I didn’t mention the fact that ‘Baby’ – as I still thought of him, even at the age of five – would be plumbed into those very machines. If I had a choice, I wouldn’t want to see my loved ones leave this world like that.

Eventually, Mum reached a conclusion. When he was all set to go home after his final op, I said goodbye to my little guy, believing it to be the last time I would ever see him. And it was. Sort of.

Seven weeks later Mum called me. Her son had died peacefully in his bed in our local hospice, surrounded by his favourite toys and superhero posters. It was heartbreaking to hear.

‘We’d be honoured if you’d come to the funeral.’

A funeral. For a boy I couldn’t save. How could I go when I’d failed the whole family?

I can’t think of many images in the world as distressing as the sight of a child-sized coffin. It goes against the very fabric of nature, of life and of hope. Being a stranger at a private function is awkward at the best of times. At a funeral, you feel like all the spare wheels in the world. The only people I knew were the family and they were there to bury one of them.

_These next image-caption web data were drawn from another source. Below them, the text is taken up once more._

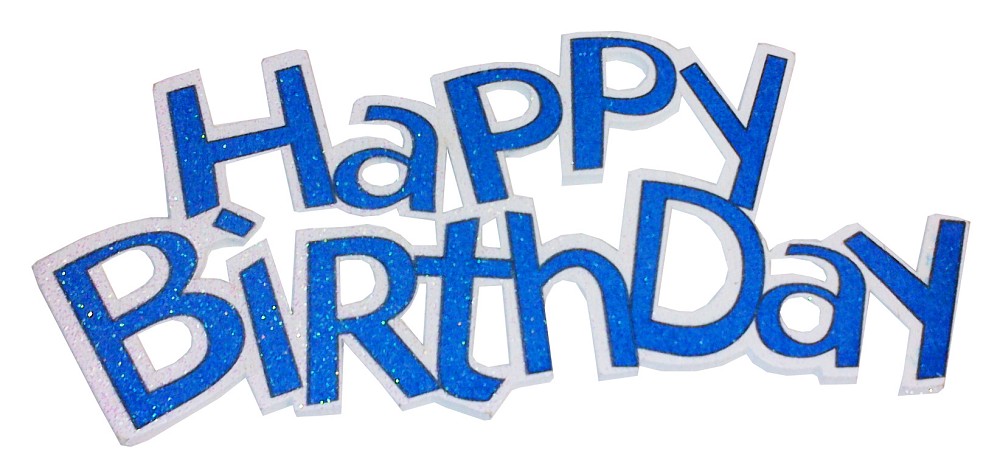 Schriftzug "Happy Birthday" - blau 13cm
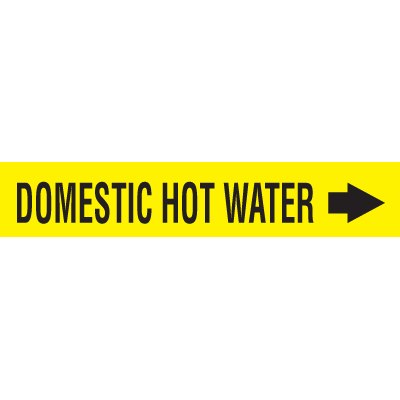 Seton Code™ Economy Self-Adhesive Pipe Markers - Domestic Hot Water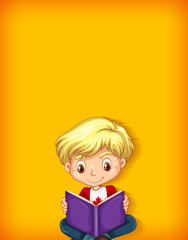 Background template with plain color wall and happy boy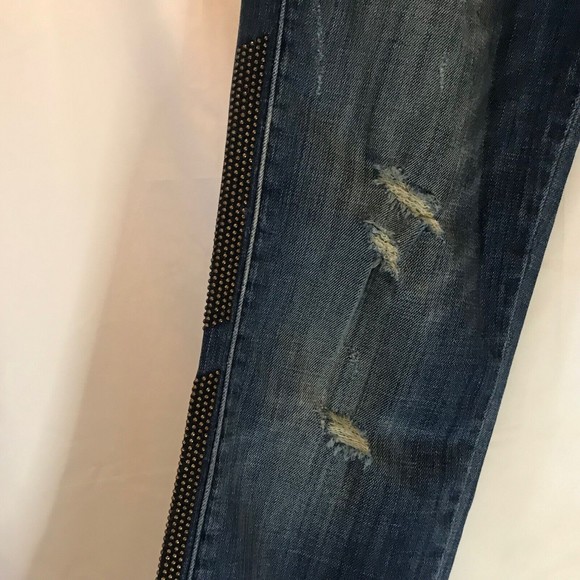 Hudson Jude Slouch Skinny Studded Side Seam Jeans Distressed in Rebelion Size 25 - Picture 5 of 16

I was actually glad to be alone. If I’m honest, I felt like a fraud being there. I was the only one in the cemetery who had a chance of preventing the boy’s death. And I couldn’t. But that, it turned out, is not how everyone else saw it. Mum must have pointed me out to someone because a man came over, shook my hand and said, ‘Thank you. Thank you for everything you did.’

He wasn’t the only one. There was a procession of people, men and women, young and old, who wanted to show their gratitude for the time they’d got to spend with their little grandson or nephew or cousin or friend. ‘Without you, we’d never have met him.’

But he died, I thought. I couldn’t save him. Yet that’s not what anyone there was thinking. To them it wasn’t a life lost, it was five years saved. Where I saw professional failure, they only saw success, which made me smile on the way home. In between the tears.

And I made myself a promise. I will never attend a patient’s funeral again. It’s too tough, a price too high for me to pay.